Once the AIT module a) compiles and b) shape matches (accounting for channels last) we verify numerical accuracy. AIT output tensors may need to be permuted etc before verification. If verification does not pass, try returning at an earlier point.

Following this process the AIT forward for your model section becomes:

num_frames = 1
batch_size, height, width, channel = ops.size()(hidden_states)
hidden_states = self.norm(hidden_states)
hidden_states = ops.reshape()(
    hidden_states, [batch_size * height * width, num_frames, channel]
)
hidden_states = self.proj_in(hidden_states)

However, please note there is actually a bug in codegen of AIT nn.GroupNorm, it expects 4 dims, the shape before norm should include num_frames which would in turn create numerical inaccuracy due to incorrectly detected parameters of GroupNorm. Further testing for num_frames>1 would be required to determine if this is an issue that needs fixing. In the case num_frames==1 verification passes.

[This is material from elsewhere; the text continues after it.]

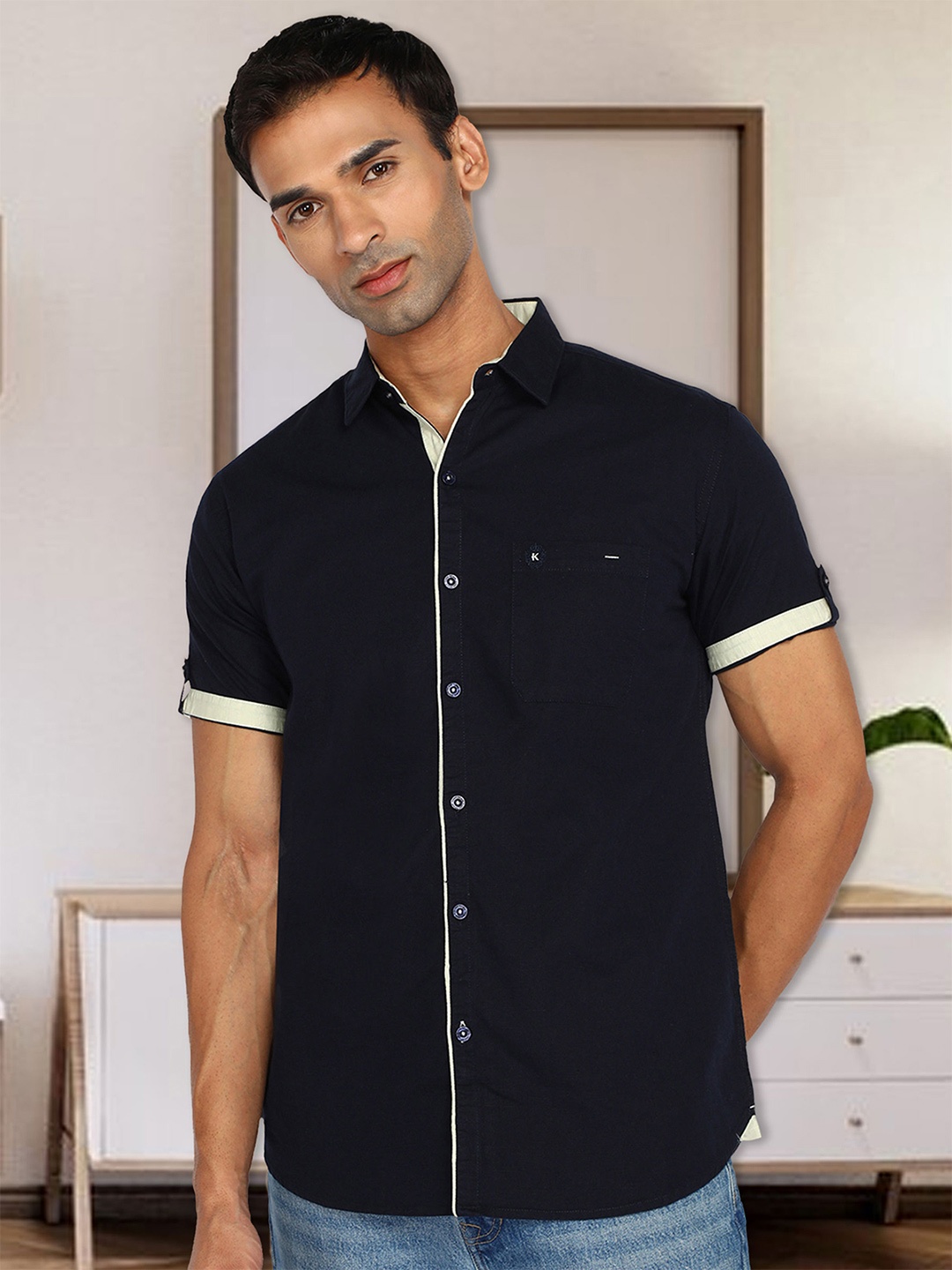 

Kuons Avenue Spread Collar Short Sleeves Slim Fit Casual Shirt, Navy blue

from typing import cast, Iterable

import torch

from aitemplate.compiler import compile_model, Model, ops
from aitemplate.frontend import Tensor, nn
from aitemplate.testing import detect_target


def mark_output(tensor: Tensor, name: str):
    tensor._attrs["is_output"] = True
    tensor._attrs["name"] = name
    shape = [d._attrs["values"] for d in tensor._attrs["shape"]]
    print(f"AIT output `{name}` shape {shape}")
    return tensor


def inference(
    exe_module: Model,
    input_tensors: Iterable[torch.Tensor],
    benchmark: bool = False,
    benchmark_count: int = 25,
    benchmark_repeat: int = 2,
    graph_mode: bool = False,
) -> dict[str, torch.Tensor] | float:
    ys = {}
    for name, idx in exe_module.get_output_name_to_index_map().items():
        shape = exe_module.get_output_maximum_shape(idx)
        ys[name] = torch.empty(shape).cuda().half()
    if benchmark:
        t, _, _ = exe_module.benchmark_with_tensors(
            input_tensors, ys, count=benchmark_count, repeat=benchmark_repeat
        )
        return t
    else:
        exe_module.run_with_tensors(input_tensors, ys, graph_mode=graph_mode)
        return ys
class PTModel(torch.nn.Module):
    def __init__(self) -> None:
        super().__init__()

    def forward(self, hidden_states: torch.Tensor):
        return hidden_states


class AITModel(nn.Module):
    def __init__(self) -> None:
        super().__init__()

    def forward(self, hidden_states: Tensor):
        return hidden_states
pt_model = PTModel().eval().half().cuda()
ait_model = AITModel()
ait_model.name_parameter_tensor()

input_shape_pt = [1, 320, 64, 64]
x_pt = torch.randn(input_shape_pt).half().cuda()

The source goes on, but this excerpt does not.